Content starts

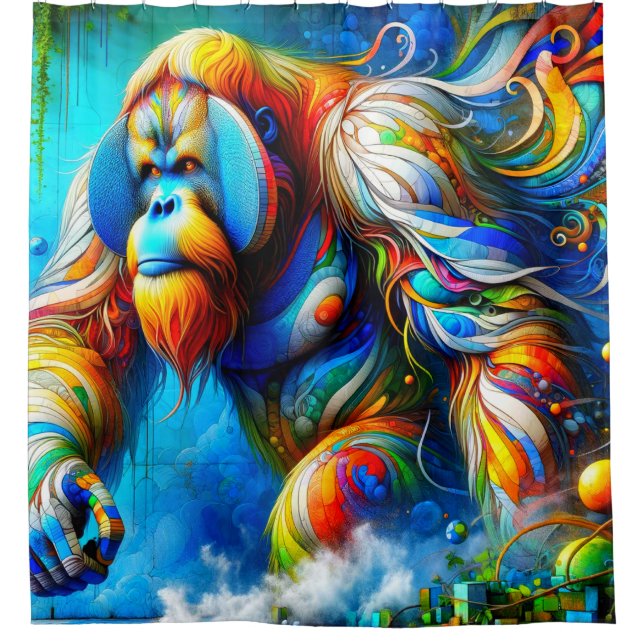 Orangutan Art Shower Curtain (Front)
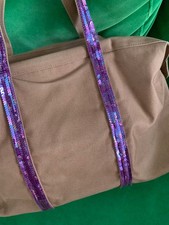 Vanessa Bruno Tasche, taupe/violett Pailletten mit Reißvershluß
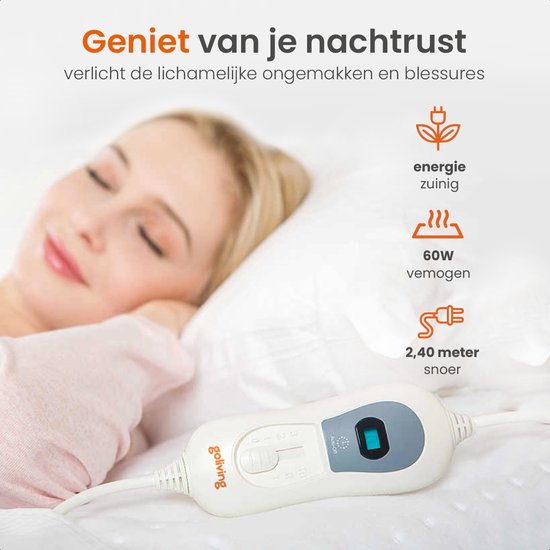 Duux Snooze Bamboo Elektrisch Onderdeken – Bamboe toplaag – 6 warmtestanden & timer – Wasbaar – 90x200 cm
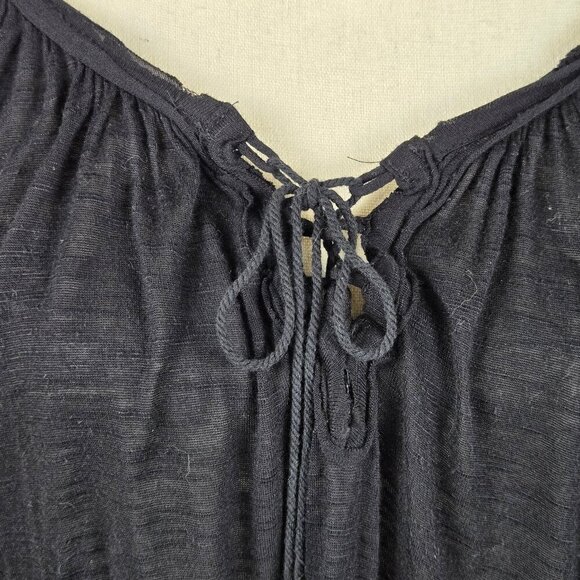 Free People Size Small Black Peasant Top Tie Scoop Neck Long Sleeve Embellished - Picture 2 of 16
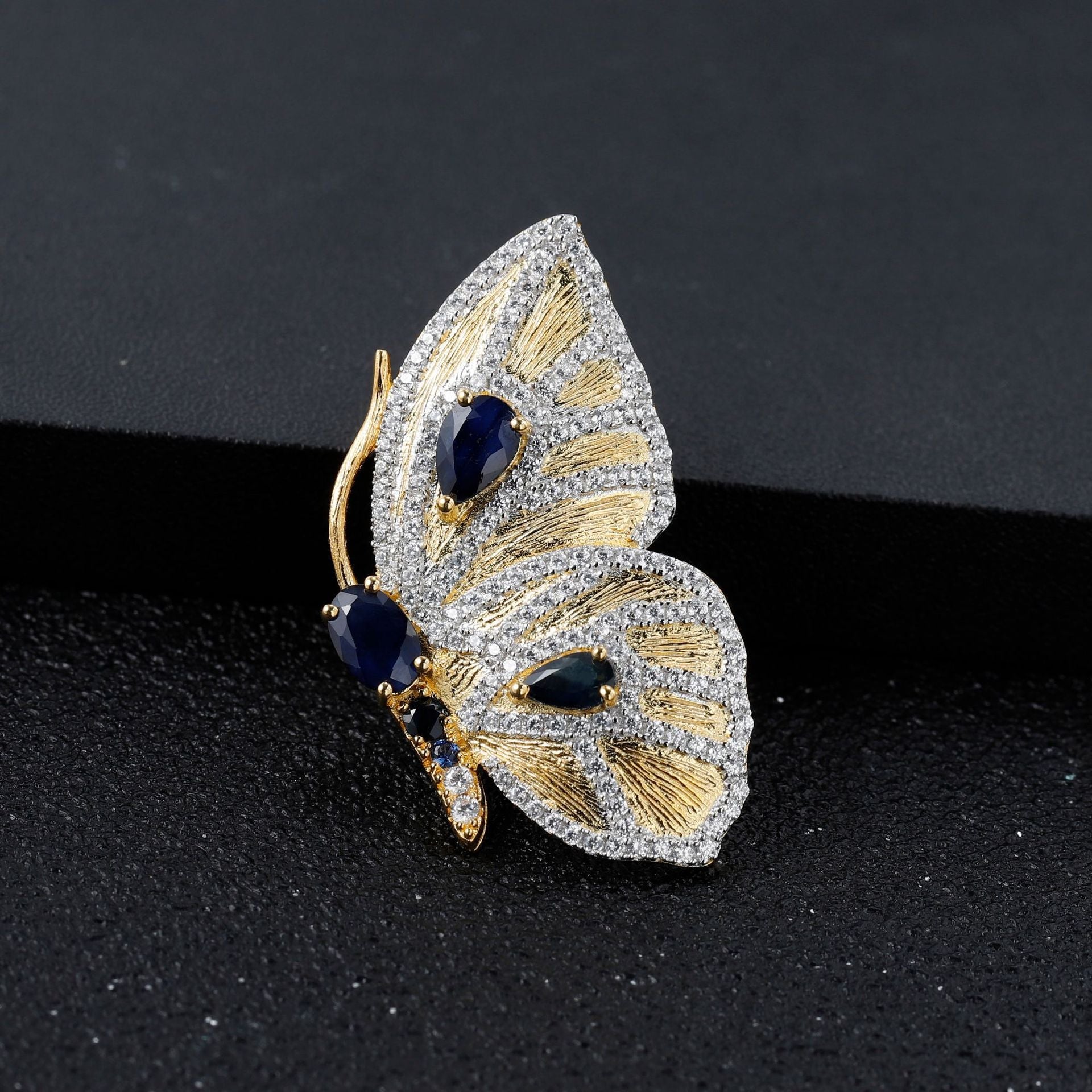 Brooch Pendant Dual-use Inlaid Natural Gemstone Flying Butterfly Pendant Silver Necklace for Women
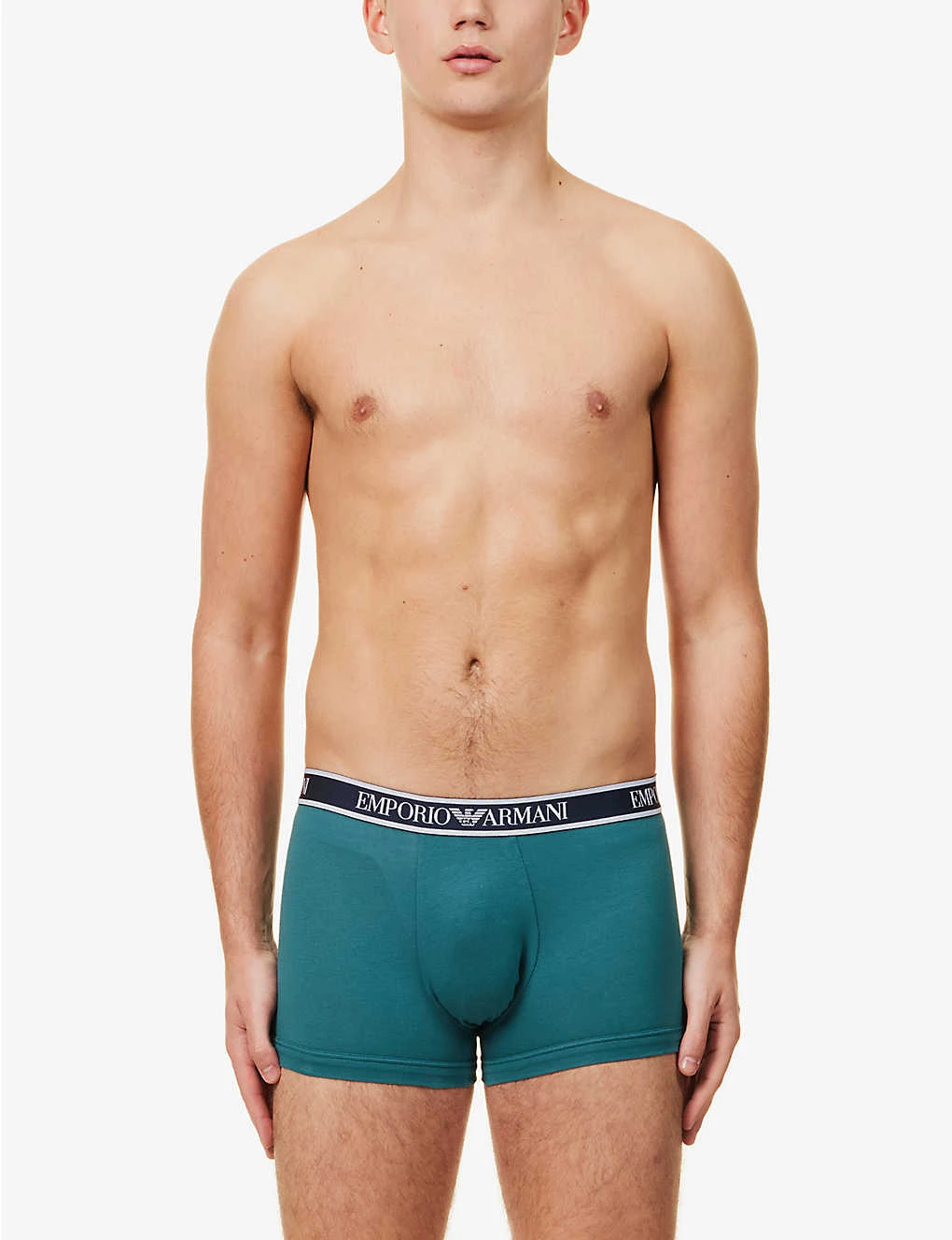 Emporio Armani Branded-waistband Pack Of Three Stretch-cotton Trunks 3 Emporio Armani Branded-waistband Pack Of Three Stretch-cotton Trunks - Image 3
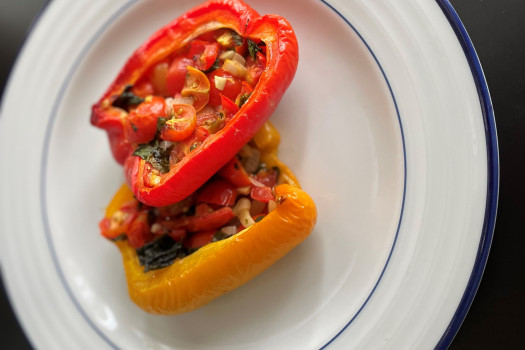 Vegetarian Stuffed Peppers on a plate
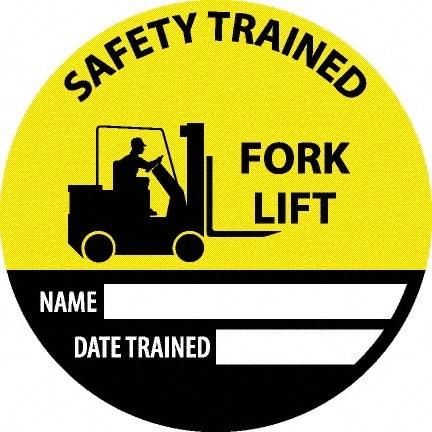 NMC - Safety Trained Fork Lift - Name ____ Date Trained ____, Hard Hat Label - Round, Yellow, Black, White, 0.004" Thick, Indoor or Outdoor, Adhesive Backed, For Accident Prevention - Makers Industrial Supply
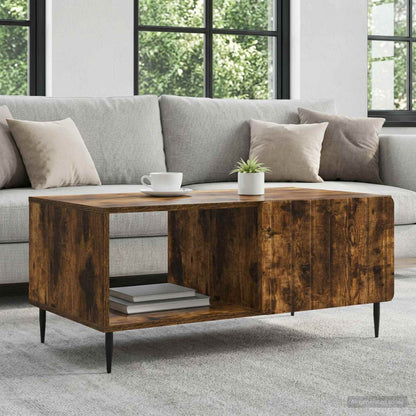 Coffee Table Smoked Oak 90 x 50 x 40 cm Engineered Wood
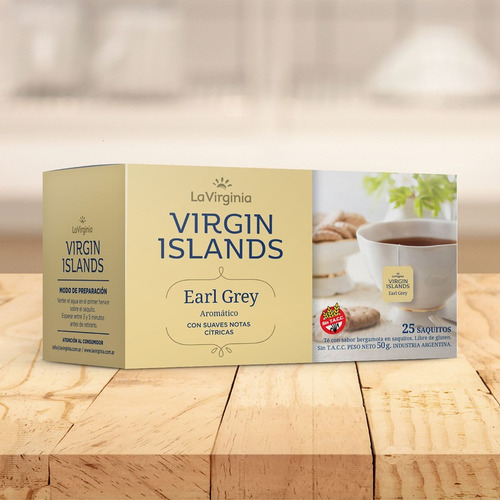 Te Earl Grey Aromatico Virgin Islands X 25 Saquitos Sin Tacc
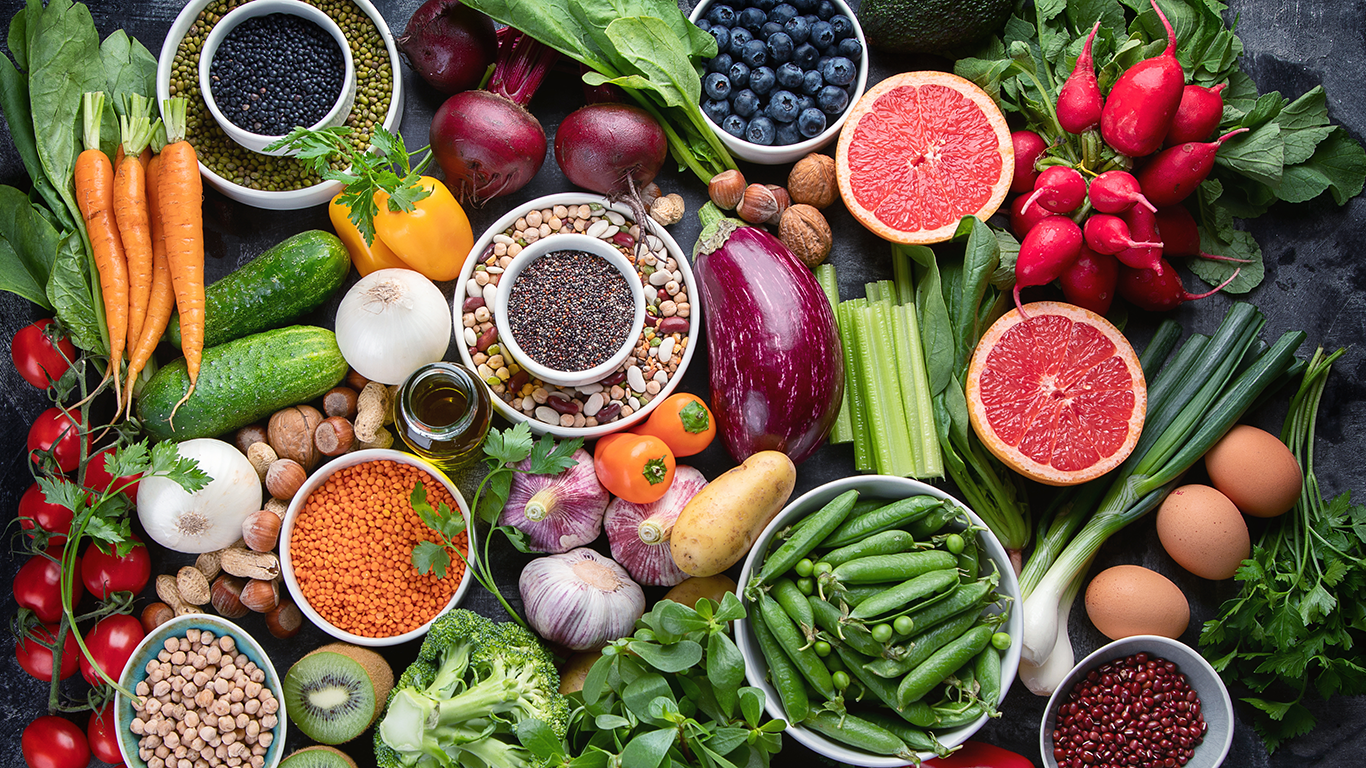 whole foods including vegetables, fruits, legumes and grains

Content ends

▶ ACTIVITY:
Word for word, copy every line of the data, excluding any pictures.

▶ REPLY TO THE EXERCISE:
 Orangutan Art Shower Curtain (Front)
 Vanessa Bruno Tasche, taupe/violett Pailletten mit Reißvershluß
 Duux Snooze Bamboo Elektrisch Onderdeken – Bamboe toplaag – 6 warmtestanden & timer – Wasbaar – 90x200 cm
 Free People Size Small Black Peasant Top Tie Scoop Neck Long Sleeve Embellished - Picture 2 of 16
 Brooch Pendant Dual-use Inlaid Natural Gemstone Flying Butterfly Pendant Silver Necklace for Women
 Emporio Armani Branded-waistband Pack Of Three Stretch-cotton Trunks 3 Emporio Armani Branded-waistband Pack Of Three Stretch-cotton Trunks - Image 3
 Vegetarian Stuffed Peppers on a plate
 NMC - Safety Trained Fork Lift - Name ____ Date Trained ____, Hard Hat Label - Round, Yellow, Black, White, 0.004" Thick, Indoor or Outdoor, Adhesive Backed, For Accident Prevention - Makers Industrial Supply
 Coffee Table Smoked Oak 90 x 50 x 40 cm Engineered Wood
 Te Earl Grey Aromatico Virgin Islands X 25 Saquitos Sin Tacc
 whole foods including vegetables, fruits, legumes and grains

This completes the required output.